Mineral interests, which include ownership of natural gas deposits, constitute tangible |9real property. See Sorkin v. Myers, 216 Ark. 908, 227 S.W.2d 958 (1950); Ark.Code Ann. § 26-26-1110 (Repl.1997 & Supp.2011). Therefore, county assessors are left to determine the value of gas deposits so that the tax may be applied “equally] and uniform[ly].” Ark. Const, art. 16, § 5(a). The legislature provides guidance in Ark.Code Ann. § 26-26-1110(c), which provides:

(1) Because of the difficulty of ascertaining the value of a nonproducing mineral right and in order to ensure equal and uniform taxation throughout a state, a nonproducing mineral right has zero (0) value for the purpose of property tax assessment and is included in the value of the fee simple interest assessed.

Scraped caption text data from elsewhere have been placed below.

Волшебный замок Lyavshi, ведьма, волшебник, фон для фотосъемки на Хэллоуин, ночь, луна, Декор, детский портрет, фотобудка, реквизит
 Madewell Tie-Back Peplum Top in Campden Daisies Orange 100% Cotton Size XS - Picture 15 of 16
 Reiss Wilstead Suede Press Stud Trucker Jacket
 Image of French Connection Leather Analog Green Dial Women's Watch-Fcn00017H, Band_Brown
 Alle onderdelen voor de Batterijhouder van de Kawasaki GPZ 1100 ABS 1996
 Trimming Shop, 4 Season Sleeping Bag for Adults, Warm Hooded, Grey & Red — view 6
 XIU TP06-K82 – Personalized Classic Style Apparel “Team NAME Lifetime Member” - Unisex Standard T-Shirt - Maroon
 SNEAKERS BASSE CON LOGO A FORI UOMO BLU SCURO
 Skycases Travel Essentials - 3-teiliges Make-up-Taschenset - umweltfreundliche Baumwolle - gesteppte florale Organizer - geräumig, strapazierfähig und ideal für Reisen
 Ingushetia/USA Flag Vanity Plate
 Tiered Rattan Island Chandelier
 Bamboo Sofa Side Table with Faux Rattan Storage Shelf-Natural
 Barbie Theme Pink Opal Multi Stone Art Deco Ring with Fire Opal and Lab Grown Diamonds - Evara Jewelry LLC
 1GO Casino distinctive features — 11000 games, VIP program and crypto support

Therefore, the gas that remains as a mineral in the ground is valued at zero, but a value is assessed for tax purposes if it is produced and sold. As noted in the complaint, there is an equation used for the assessment based on values gathered at the mineral’s point of sale.

A review of the Taxpayers’ first-amended complaint reveals that the crux of their argument was that the tax assessed against them is illegal because of when it is assessed — at the point of sale. The Taxpayers argue that to value the gas for an ad valorem tax based upon a price at a distant market, after it is separated from the ground, is a misapplication of an ad valorem tax and greatly distorts the value to the prejudice of the landowner because, at that point, the value of the gas has been enhanced by capture, treatment and transportation to a point of sale. The Taxpayers’ claim and their argument on appeal, however, ignore our well-settled precedent. This court has strictly adhered to the rule that “if the taxes complained of are not themselves illegal, a suit for illegal exaction will not lie” and that “a flaw in the assessment or collection procedure, no matter how serious from the taxpayer’s point of view, 11fldoes not make the exaction itself illegal.” Hambay v. Williams, 373 Ark. 532, 535, 285 S.W.3d 239, 241-42 (2008) (quoting Pockrus v. Bella Vista Village Prop. Owners Ass’n, 316 Ark. 468, 472, 872 S.W.2d 416, 418 (1994)).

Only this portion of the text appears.